Over-dyeing. One of the easiest ways to give fabric new life is by over-dyeing it. Over-dyeing can punch up a faded fabric or tone down a bright or crazy pattern. It's a great way to give depth and interest to vintage laces that would otherwise look too much like you just pulled them off your granny's sofa.
You can over-dye with dyes, of course, but tea, coffee, watered down fabric paints, and inks are also options, especially for small pieces. Be sure to heat set before using.
Printing. Screen printing, gelatin monoprinting, even printing with paint and a chunky stamp can instantly alter fabric and put a personal spin on it.
I'm addicted to Thermofax® screens, but gelatin monoprinting is becoming a very close second. You can see a gelatin monoprint demo on my Editor's blog.
Stenciling with oil sticks. I've been using Shiva® Paintstiks® for several years now to add pattern and color to fabrics. But on Season 6 of "Quilting Arts TV," Julie Fei-Fan Balzer demonstrates how to add layers of design to fabrics with oil sticks and multiple stencils, and I'll admit I'm hooked.
Like all of Julie's techniques, this one is simple, but yields striking results. She uses texture plates, punchinella (aka sequin waste), drywall tape, prepared stencils, and a stencil brush.
1. Place a texture plate underneath the fabric and use the Shiva Paintstik directly on the fabric to create a rubbing.

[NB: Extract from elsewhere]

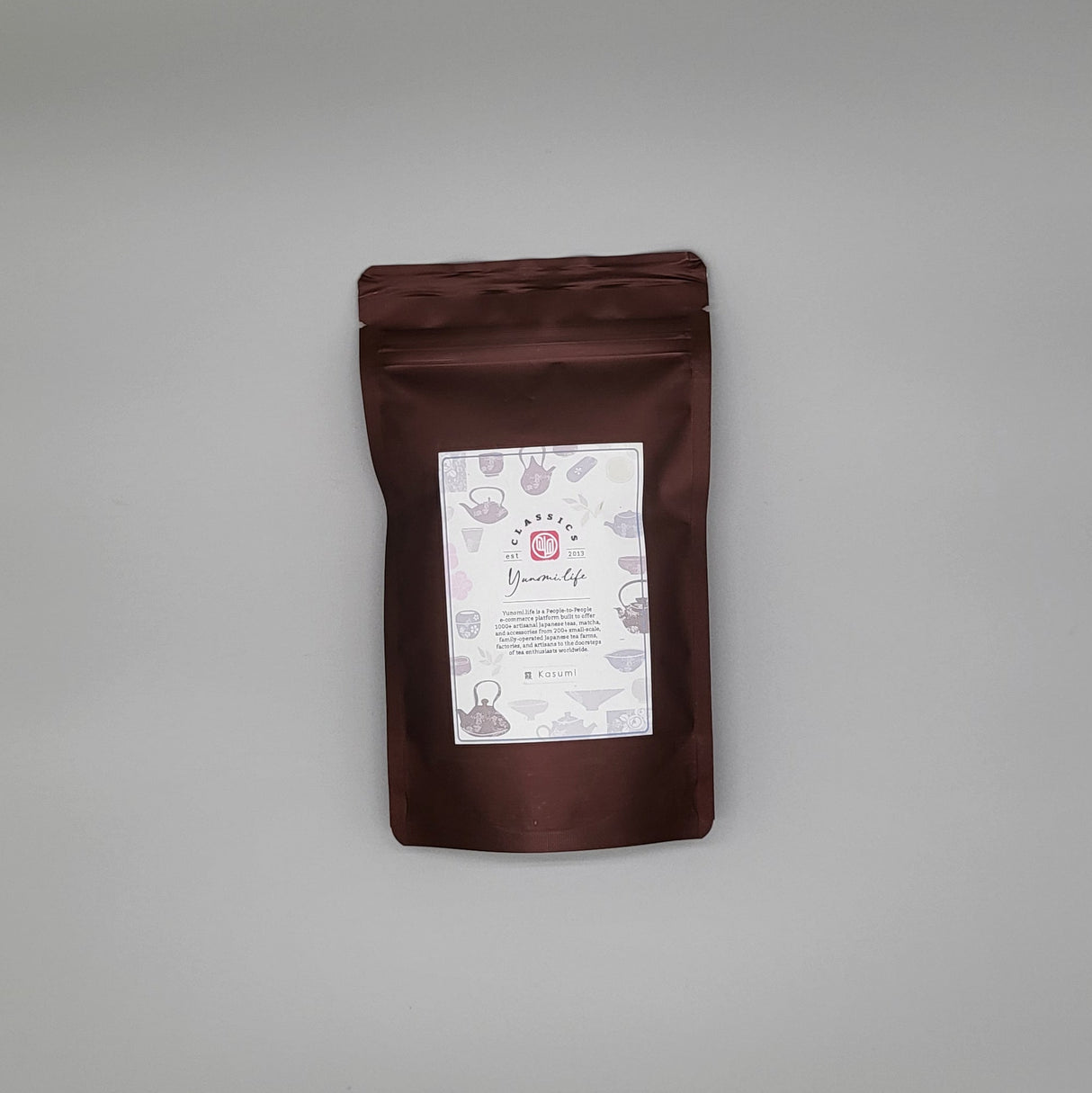 #1030.TX Classics - Kasumi(霞)/ 1st Flush Black Tea yunomi.life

2. Remove the texture plate.
3. Cover part of the fabric with punchinella, a pattern of drywall tape, or stencils. Using a stencil brush, move in small circles, picking up some of the applied color to blend.
4. Remove the stencil material and replace with another one, blending again with the brush for various effects.
Quick, easy, and fun! Makes me want to grab my paints, dyes, and paintstiks and alter some fabric right now.